Thursday, February 14, 2013

Lent Day Two

Lenten Factoid of the Day

The word “Lent” from the Germanic for “Spring” was first used in the late Middle Ages when the pastors began to preach homilies in the vernacular instead of Latin. Prior to that, the season was called by the Latin term quadragesima meaning the "fortieth day" before Easter. Romance languages retain this sense, for example, Spanish cuaresma, Portuguese quaresma, French carême and Italian quaresima.

Lent Day Two

A friend on Facebook commented that Lent seemed a bit superfluous this year since she and her family had been undergoing many trials for the past several months. I could identify.

When you've been walking though the valley of suffering, 
focusing on more suffering for 40 days seems a bit counterproductive.

This time last year, I was aching from the loss of my mother and reeling from having learned that a great deal of money (at least a great deal to me!) had been stolen from her estate. A year later, the pain of the loss of my mother has eased and when I opened her checkbook to get information to pay her final taxes, I was no longer crushed by the sight of her handwriting. However, the theft issue still remains unresolved, although I'm told restitution is not likely. The trial has been post-poned and post-poned again and again until I'm not sure there even will be a trial. Add to that, or more likely because of these things, I have carried with me the burden of panic and anxiety almost every day.

This past year has been one long Lent with no Easter in sight.

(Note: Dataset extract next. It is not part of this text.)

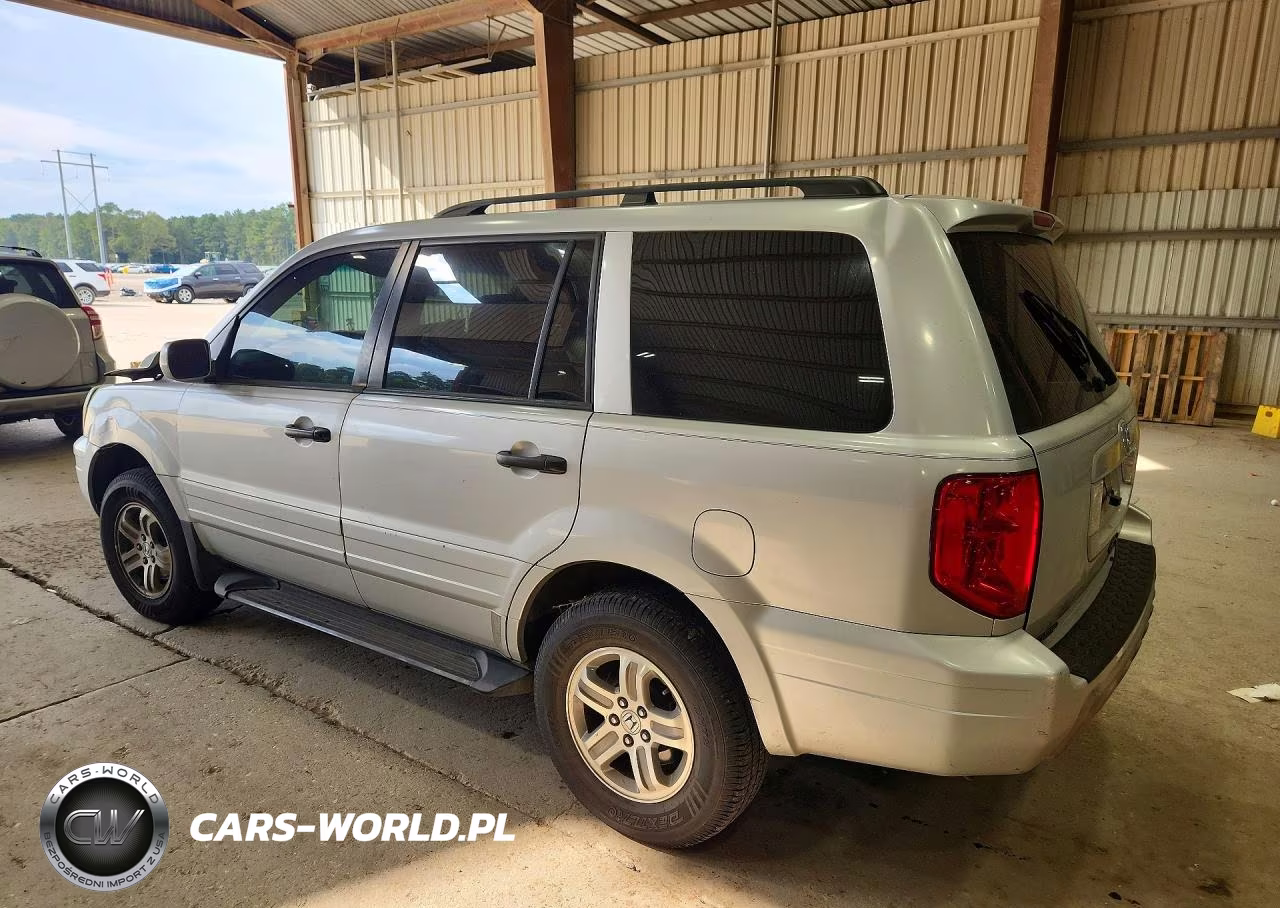 2004 Honda Pilot Exl VIN:2HKYF18574H505789 - 2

 I think the hardest thing has been feeling both paralyzed, unable to do anything other than stare at the wall and perhaps play solitaire on my laptop, and so crazed that my heart seemed to be doing fish-flops...and feeling both at the same time.

So this Lent, what I've decided to do is simply accept those feelings as they come. I'm beginning to learn that when I try to force myself into action while feeling paralyzed, I get tossed into the fishbowl. And when I try to calm down in the fishbowl, I end up become even more frozen. It's a nasty and very vicious circle.  So today, feeling both like the deer in the headlights and the fish in the bowl, I've simply allowed myself to be both. Simultaneously.

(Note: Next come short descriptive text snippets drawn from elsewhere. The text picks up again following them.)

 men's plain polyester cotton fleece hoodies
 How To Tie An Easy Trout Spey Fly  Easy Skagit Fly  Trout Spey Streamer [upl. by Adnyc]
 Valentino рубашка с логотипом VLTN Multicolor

At the same time, I have taken to breathing a very simple prayer: God, help me.  That's it. Normally I would add all sorts of explanation to my prayer, as if somehow God wouldn't quite know what I needed unless I spelled it out. But it finally dawned on me that I don't really know what I need. I don't really know how to calm the anxiety or remove the panic.  All I do know is that I need help. Not just once or twice, but over and over throughout the day and sometimes into the night.

I close my eyes and fall into the sense of frozen panic, an oxymoron if ever there was one, and say, God, help me.  If it's the only thing I do this Lent, I think it will suffice.

With that, I leave you with this traditional
Lenten Prayer

God, heavenly Father, 
look upon me and hear my prayer 
during this holy Season of Lent. 
By the good works You inspire, 
help me to discipline my body 
and to be renewed in spirit. 

Without You I can do nothing. 
By Your Spirit help me to know what is right
and to be eager in doing Your will. 
Teach me to find new life through penance. 
Keep me from sin, and help me live
by Your commandment of love. 
God of love, bring me back to You. 
Send Your Spirit to make me strong
in faith and active in good works. 
May my acts of penance bring me Your forgiveness, 
open my heart to Your love, 
and prepare me for the coming feast 
of the Resurrection of Jesus. 

Lord, during this Lenten Season,
nourish me with Your Word of life 
and make me one 
with You in love and prayer. 

Fill my heart with Your love
and keep me faithful to the Gospel of Christ. 
Give me the grace to rise above my human weakness. 
Give me new life by Your Sacraments, especially the Mass. 

Father, our source of life, 
I reach out with joy to grasp Your hand; 
let me walk more readily in Your ways. 
Guide me in Your gentle mercy, 
for left to myself I cannot do Your Will. 

Father of love, source of all blessings, 
help me to pass from my old life of sin 
to the new life of grace. 
Prepare me for the glory of Your Kingdom. 
I ask this through our Lord Jesus Christ, Your Son, 
Who lives and reigns with You 
and the Holy Spirit, one God, forever.